Stored data
____

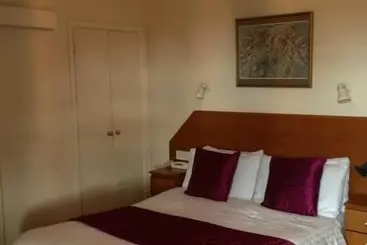 Broughton Craggs Hotel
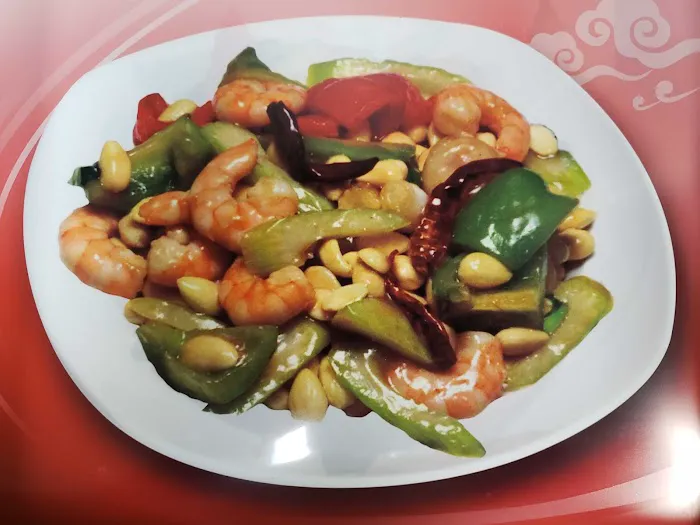 Great Wall Chinese Restaurant 6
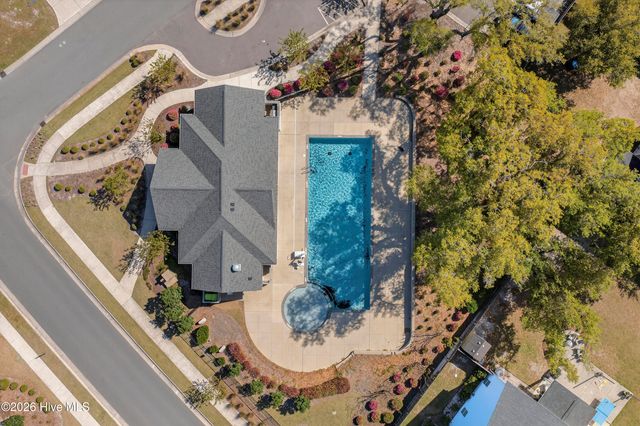 52 Violetear Ridge, Hampstead, NC 28443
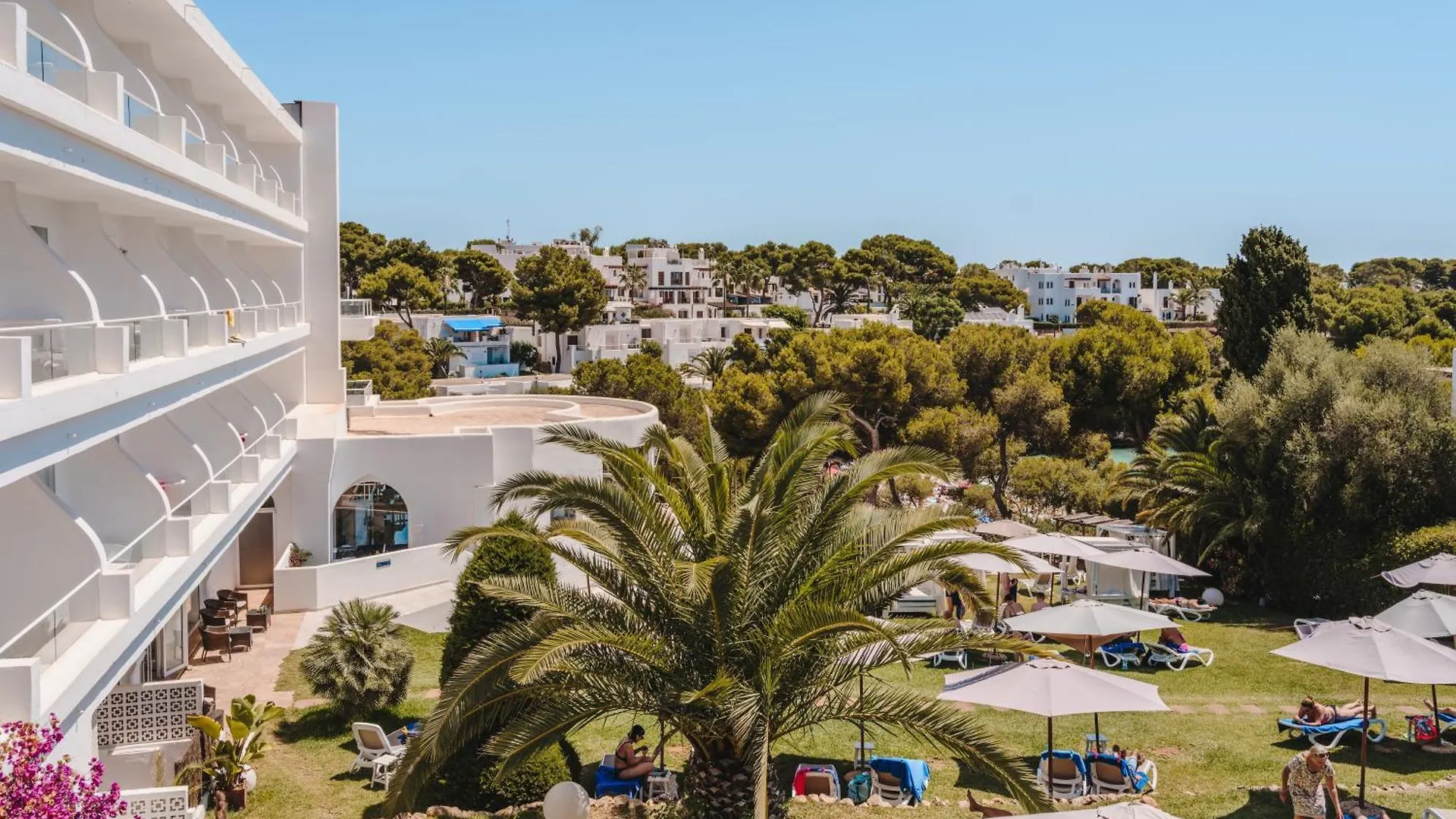 Grupotel Rocador - Adults Only Cala D´Or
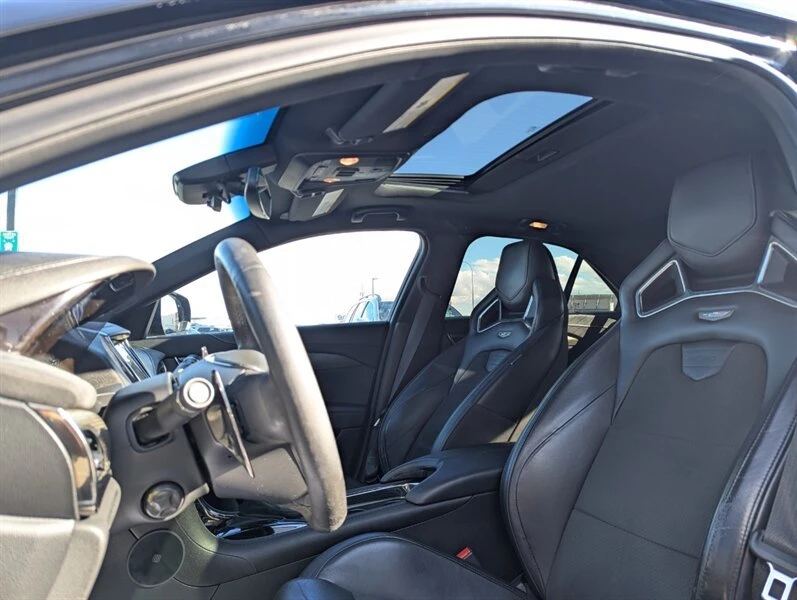 2016 Cadillac ATS-V - Image 14 of 20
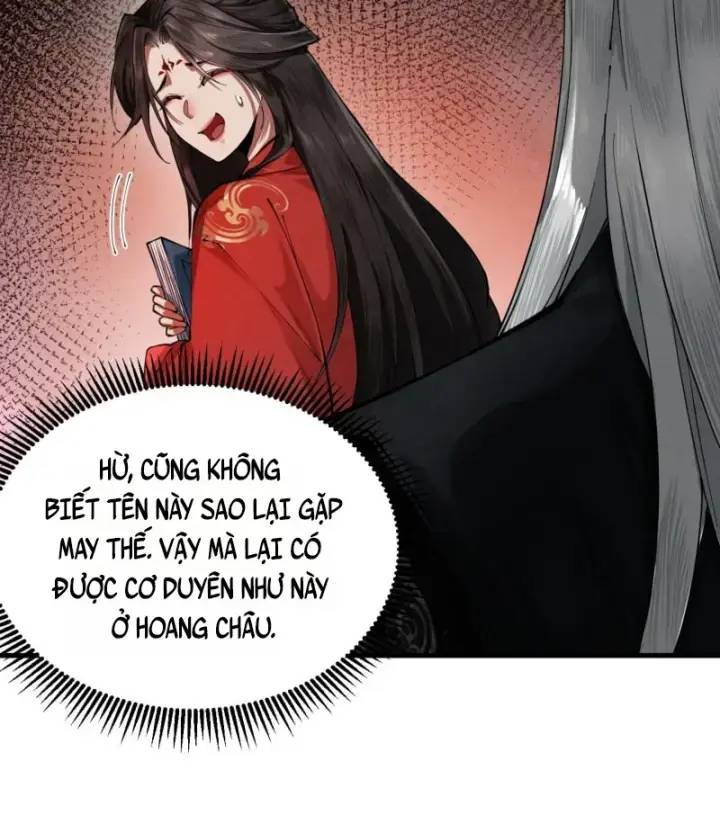 Gặp Mạnh Thì Càng Mạnh, Tu Vi Của Ta Không Giới Hạn Chap 5 - Next Chap 6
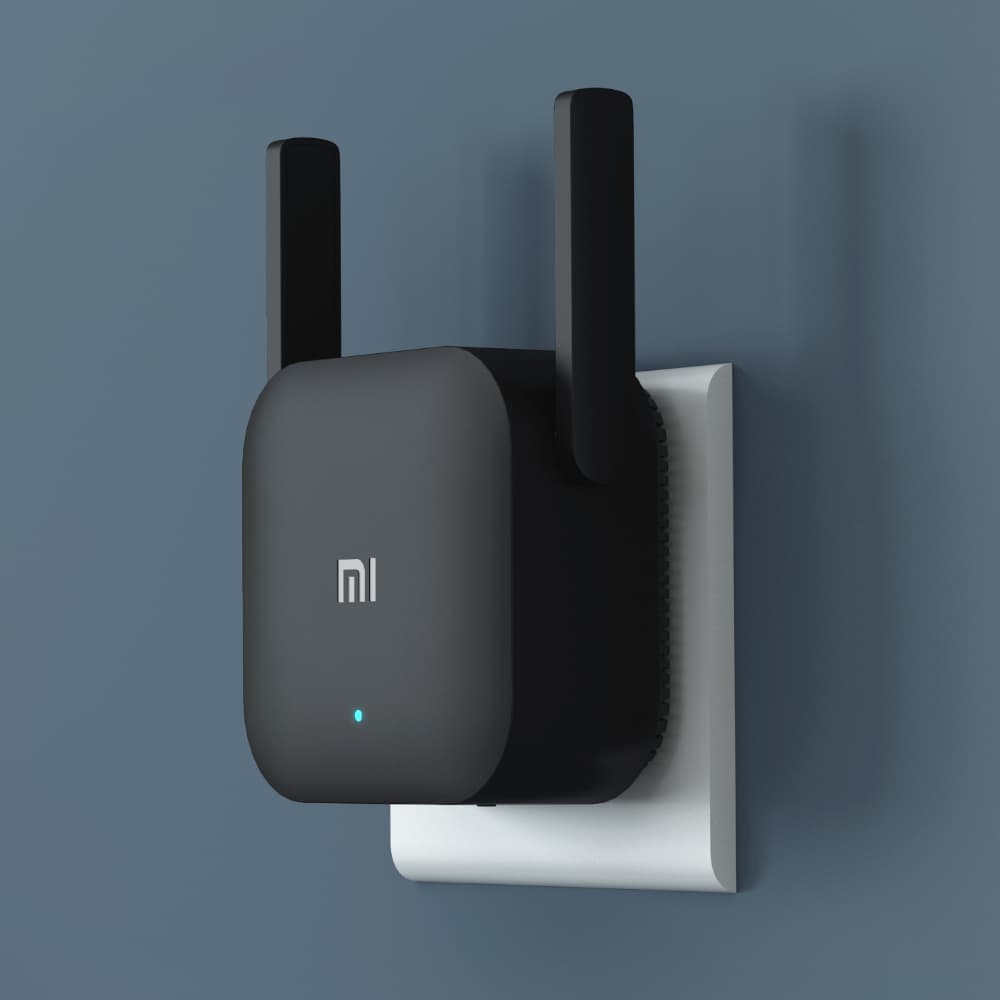 Xiaomi Wi-Fi Range Extender Pro - view 7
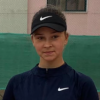 لوگوی Miroslava Medvedeva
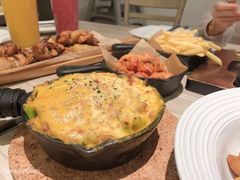 -必胜客(华为店)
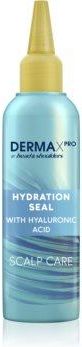 Head & Shoulders Dermaxpro Hydration Seal Krem Do Stylizacji Włosów Z Kwasem Hialuronowym 145ml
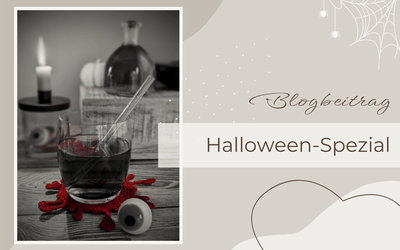 Halloween häkeln: Kostenlose Häkelanleitungen & Deko-Ideen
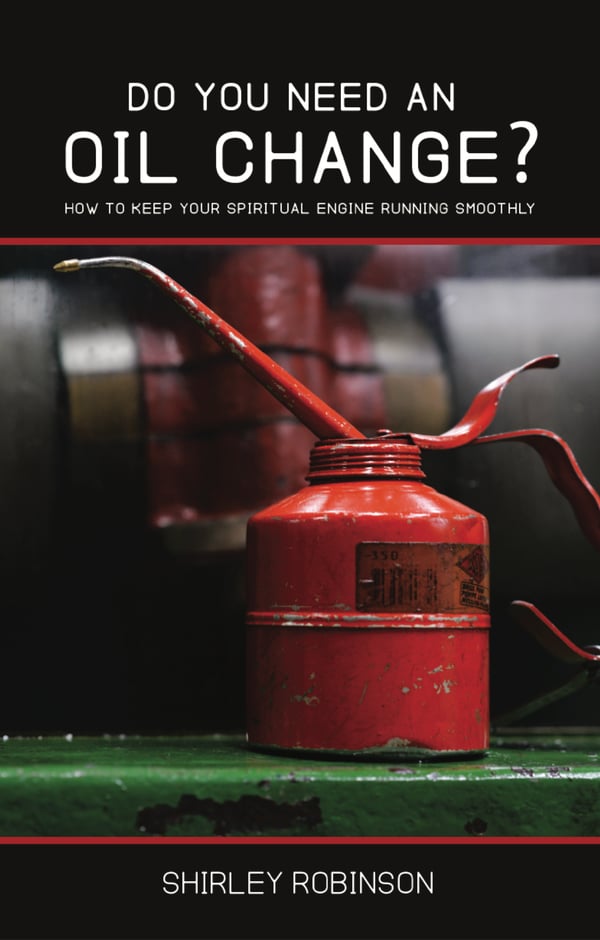 do-you-need-an-oil-change-by-shirley-robinson-goodreads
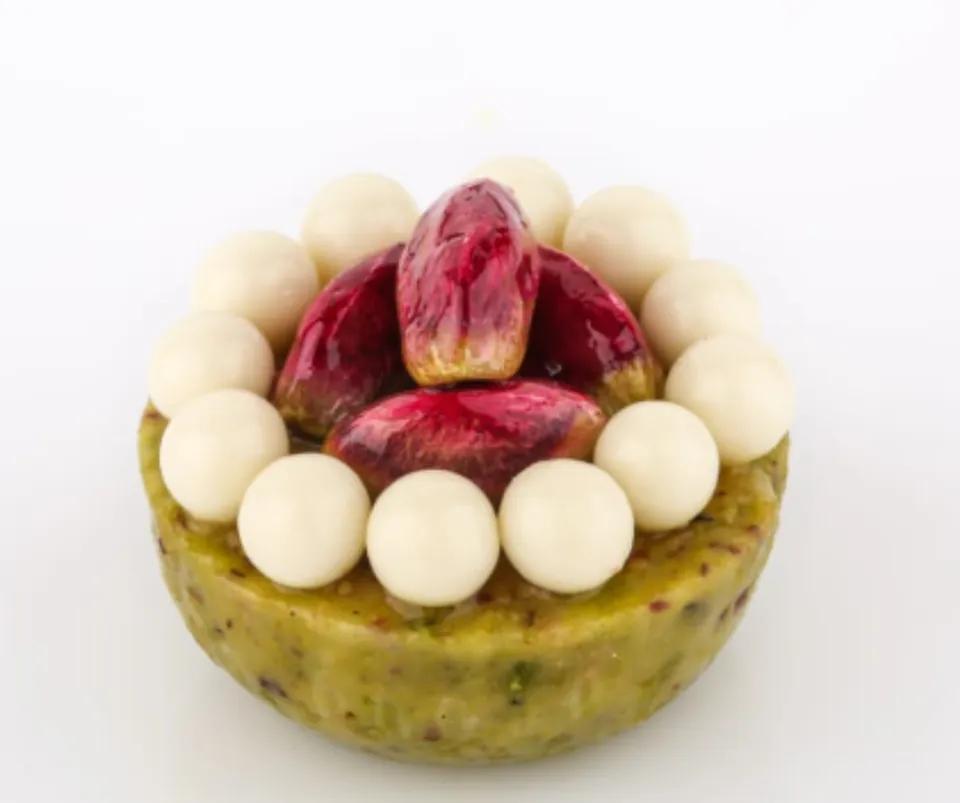 Pistachio 100g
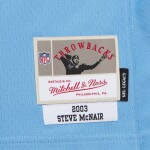 Mitchell & Ness Pánský dres Tennessee Titans NFL Steve McNair #9 2003 Legacy Velikost: L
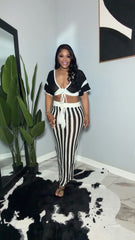 The It Girl Knit Set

____

#### What you should do:
Once the pictures are set aside, restate the remaining data above exactly.

#### Response below:
 Broughton Craggs Hotel
 Great Wall Chinese Restaurant 6
 52 Violetear Ridge, Hampstead, NC 28443
 Grupotel Rocador - Adults Only Cala D´Or
 2016 Cadillac ATS-V - Image 14 of 20
 Gặp Mạnh Thì Càng Mạnh, Tu Vi Của Ta Không Giới Hạn Chap 5 - Next Chap 6
 Xiaomi Wi-Fi Range Extender Pro - view 7
 لوگوی Miroslava Medvedeva
 -必胜客(华为店)
 Head & Shoulders Dermaxpro Hydration Seal Krem Do Stylizacji Włosów Z Kwasem Hialuronowym 145ml
 Halloween häkeln: Kostenlose Häkelanleitungen & Deko-Ideen
 do-you-need-an-oil-change-by-shirley-robinson-goodreads
 Pistachio 100g
 Mitchell & Ness Pánský dres Tennessee Titans NFL Steve McNair #9 2003 Legacy Velikost: L
 The It Girl Knit Set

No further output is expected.